Chidori Jewel River, Famous Place of Mutsu Province: Yamatoya Baiga (Mutsu meisho chidori no tamagawa Yamatoya Baiga)
- Date:
- ca. 1832-1833
- Medium:
- Source:
- Victoria and Albert Museum
Description
Chidori Jewel River, Famous Place of Mutsu Province: Yamatoya Baiga (Mutsu meisho chidori no tamagawa Yamatoya Baiga), designed by Utagawa Kunisada in 1832, draws on the long Japanese poetic tradition of the Six Jewel Rivers (Mu Tamagawa) — six waterways scattered across the country and celebrated in classical waka for their pure water and seasonal associations.

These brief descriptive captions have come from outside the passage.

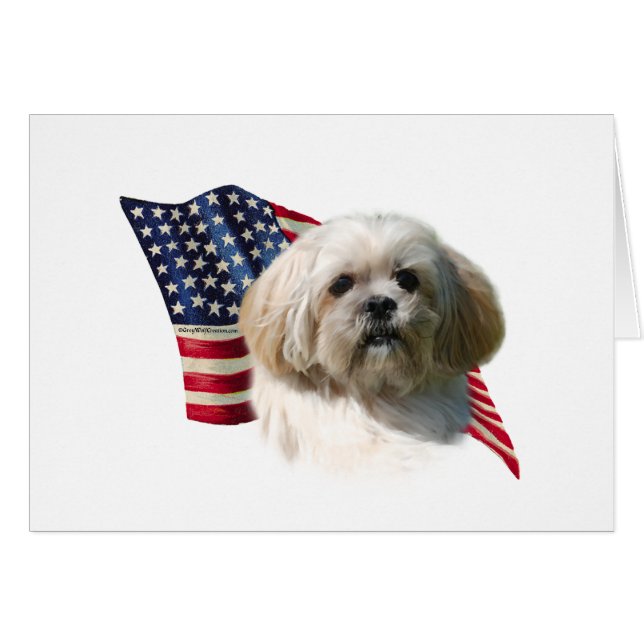 Lhasa Apso Flagga Hälsningskort (Framsidan Horizontal)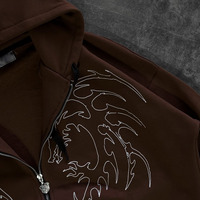 Yingling DTG Sweat à capuche zippé pour homme, en coton épais, coupe ample, style streetwear, personnalisable avec logo, coupe courte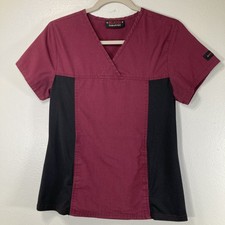 Melrose Scrubs With Style Scrub Top Women s Small Burgundy Black Sides Stretch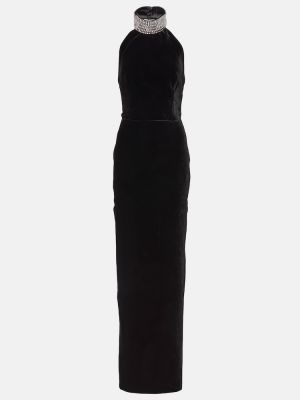 Aksamitna sukienka długa Rasario czarna
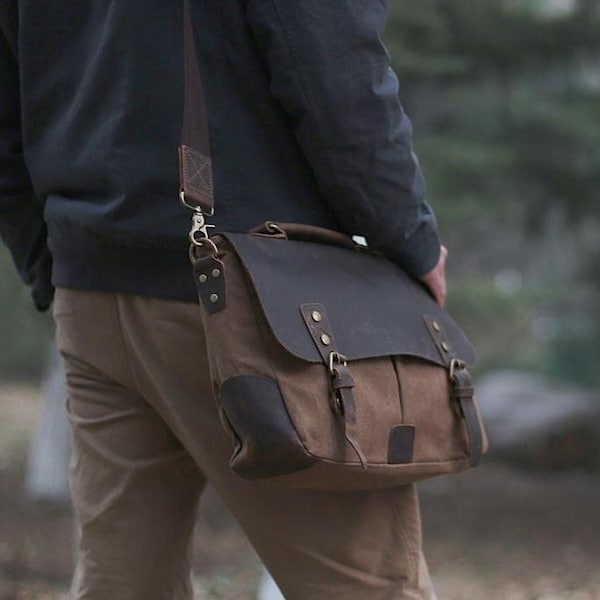 Personalized Canvas Messenger Bag, Vintage Leather Canvas Briefcase, Shoulder Crossbody Bag, Laptop Bag,  Men Satchel, Gift for Him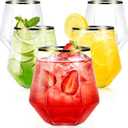 40 Pcak Plastic Stemless Wine cocktail Whiskey Champagne Glasses, 12 Oz Gold Rim Disposable Clear Unbreakable Cups for Party Bars Wedding Tasting (Diamond-shaped)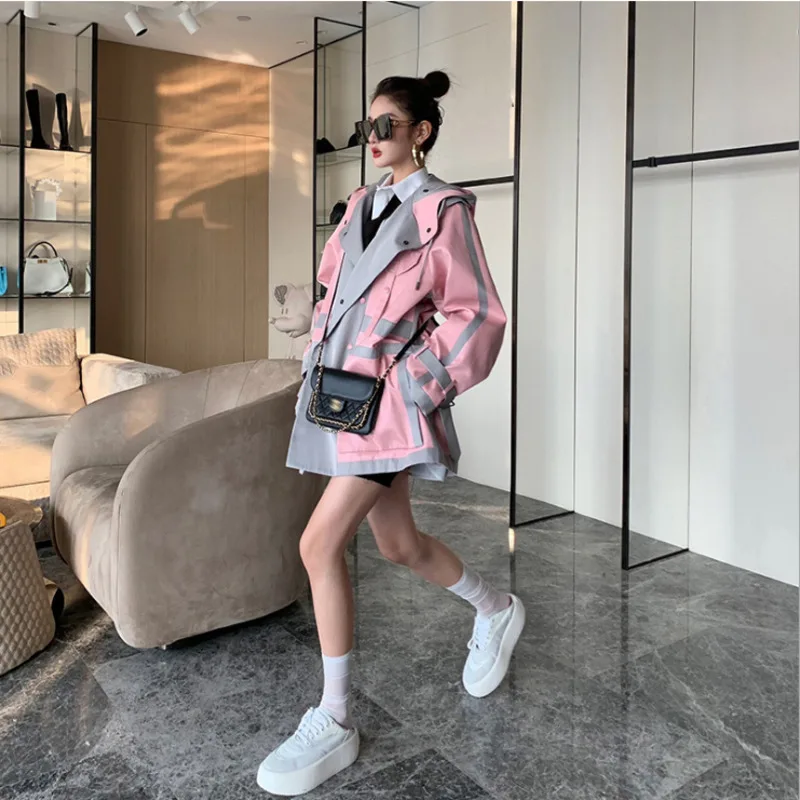 

High Quality Trench Coat For Woman 2020 New Fashion Designer Patchwork Female Loose Streetwear Chic Long Windbreaker Autumn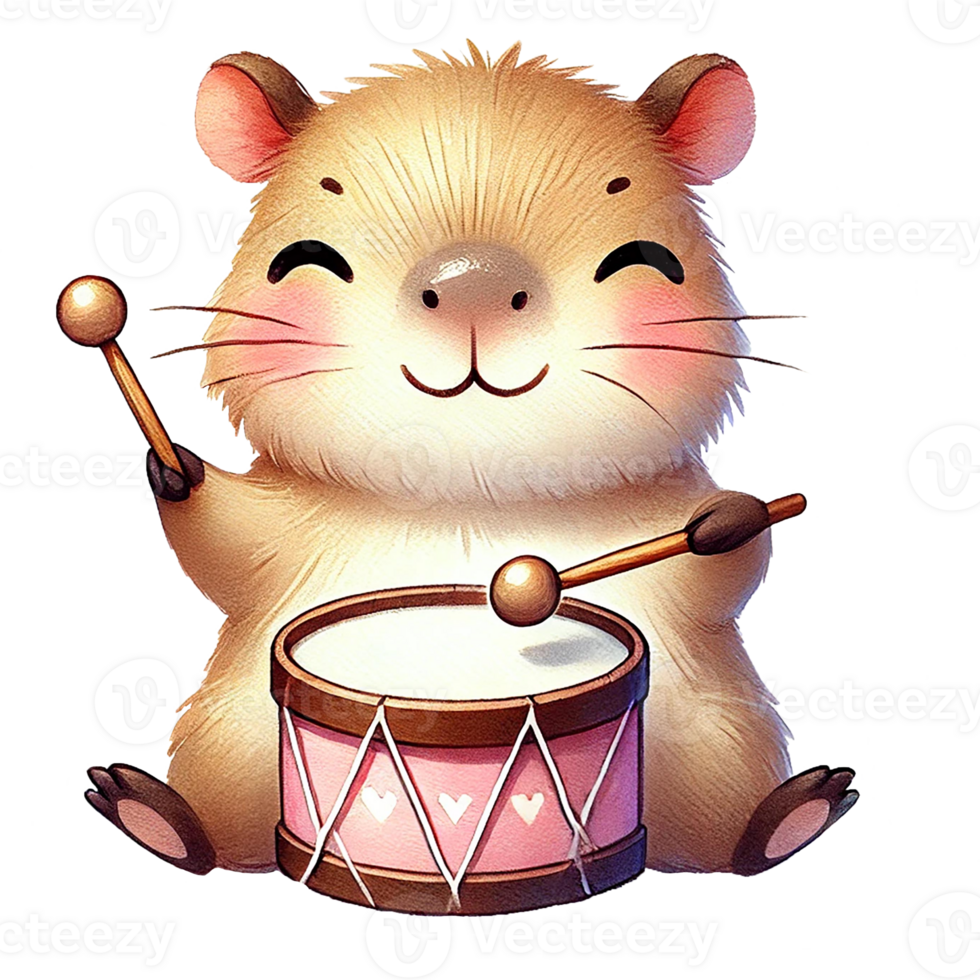 Cute cartoon hamster playing a small drum with joy. png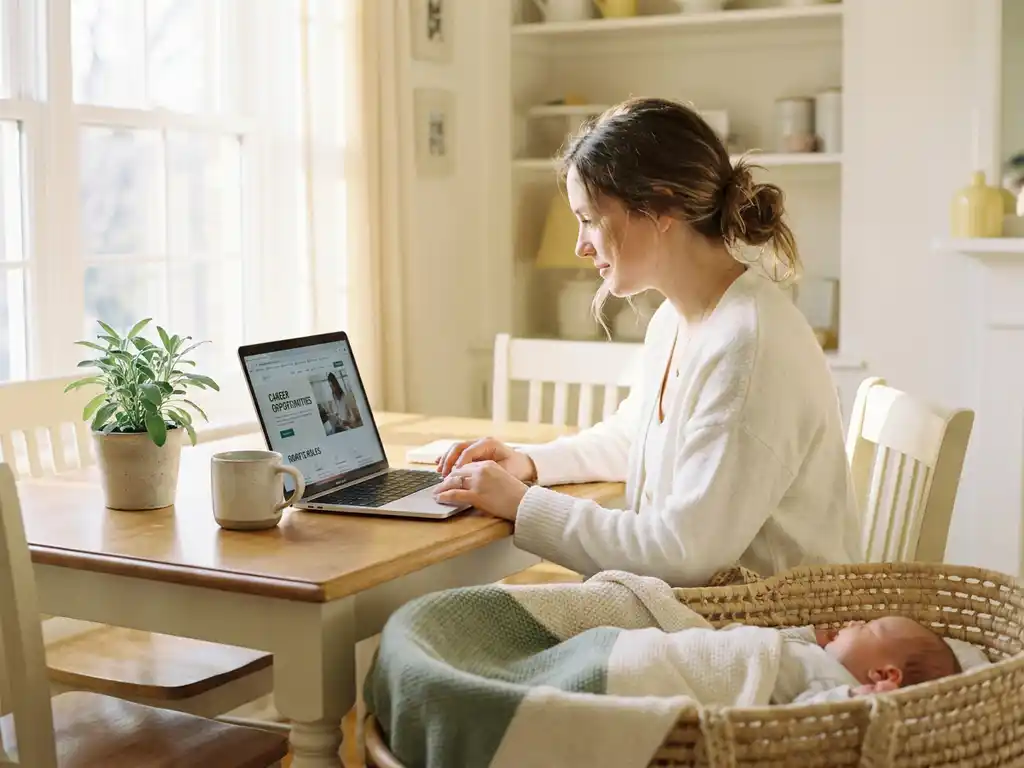 Junge Mutter am Küchentisch mit Laptop beim Jobsuchen, schlafendes Baby im Beistellbett, warmes Sonnenlicht.
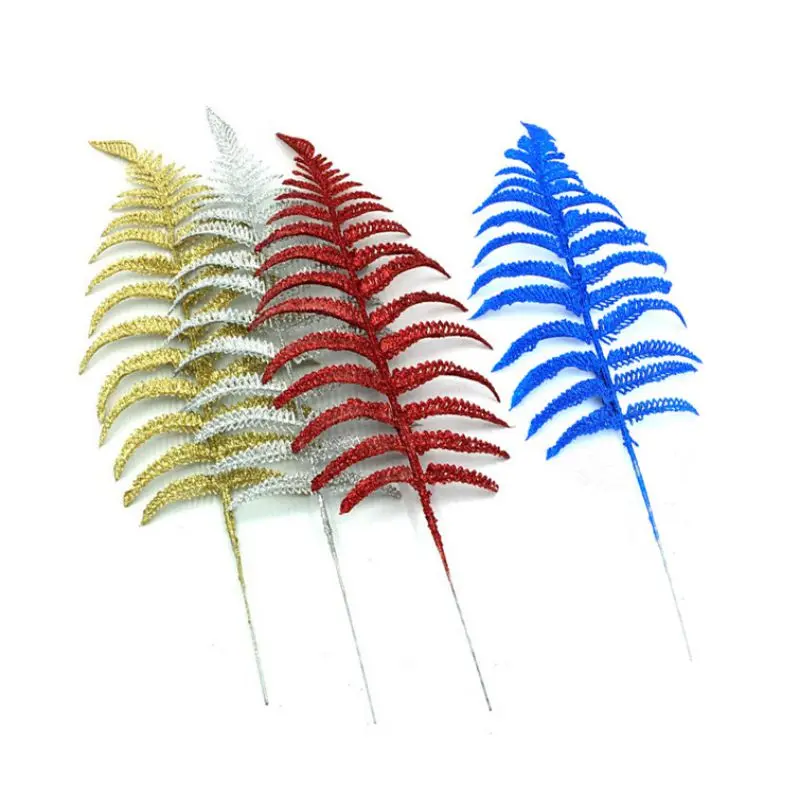 

Christmas Decoration Ornament For Xmas Tree Festival Gift Unique 3D Glitter Leaves New Year DIY Accessories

The Chidori (plover) Tamagawa of Mutsu Province in the far north was particularly associated with the cries of plovers along its banks in winter. Kunisada combines this poetic geography with a portrait of Yamatoya Baiga, a haiku name used by a contemporary cultural figure, blending meisho-e (famous-place pictures) and bijin-ga or portraiture into the kind of allusive, multi-layered design that distinguished his mature work. The 1832 dating places the print in the productive middle of his career, when he was developing the mitate conventions that would dominate his post-1840 series. The Victoria and Albert Museum preserves this impression as O422706. As the leading Edo ukiyo-e designer of his generation, Kunisada specialized in yakusha-e but routinely produced subjects of this kind — refined poetic allusions for the educated urban audience — and the Tamagawa series in particular have been recognized by historians as among his most considered designs outside the kabuki theater. The print rewards readers attentive to the intersection of classical waka, regional geography, and Edo print fashion.